On our last day in Kruger, making our way in no rush out of the park, we had our most magical animal encounters yet. We luckily decided to take one more gravel path on our way south to exit. Within 5 minutes we spotted a herd of zebras (including babies!!) and two giraffes, all grazing together. Something spooked a zebra, and they all took off running, prompting the giraffes to clumsily follow. They stopped right in front of our car. We lingered with them for a bit, then, as usual, they just disappeared in an instant into the thick bush. A few minutes more down the road we came upon a cheetah. A stealthy, purposeful, beautiful, cautious and curious cheetah. That cheetah hung out with us for a solid 15-20 minutes. Strolling along the dirt road. Sitting and looking out at the valley. Wagging its longer-than-life tail. Rolling over and scratching its back in the road. Staring at us. It was amazing. Kian finally saw a cat. We are yet to see lions, though. Maybe in Tanzania.
Heading back to Jo’burg, I drove for the first time on the left-hand side of the road… At dusk… Heading due West straight into a blinding setting sun... On a narrow two-lane highway… With crazy drivers… and darting pedestrians everywhere. We were both tense. By nightfall we were approaching Johannesburg: lots of sketch, lots of traffic, and, of course, lots of scantly marked construction. I think I have cut my international driving teeth on this one. I can drive anywhere now.
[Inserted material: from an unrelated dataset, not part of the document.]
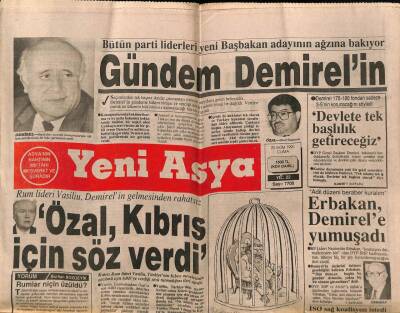 Yeni Asya Gazetesi 25 Ekim 1991 - Rum Lideri Vasiliu , Demirelin Gelmesinden Rahatsız GZ62974 - 1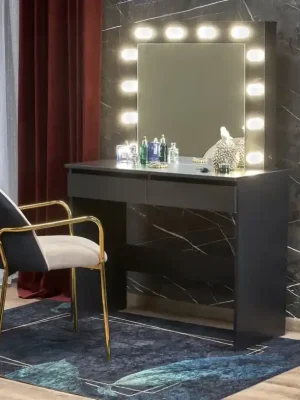 Originální Toaletní stolek HOLLYWOOD - černý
We rolled into the City Lodge near the Johannesburg airport, and it was horrible. And it was also our most expensive hotel to date. Dirty rooms, faulty internet and I nearly broke my toe (which may have been my fault, but it made me hate the hotel and Jo’burg even more). But I’ll save this review for Trip Advisor.
Kruger was great, but ready for the next stop :: Zambia!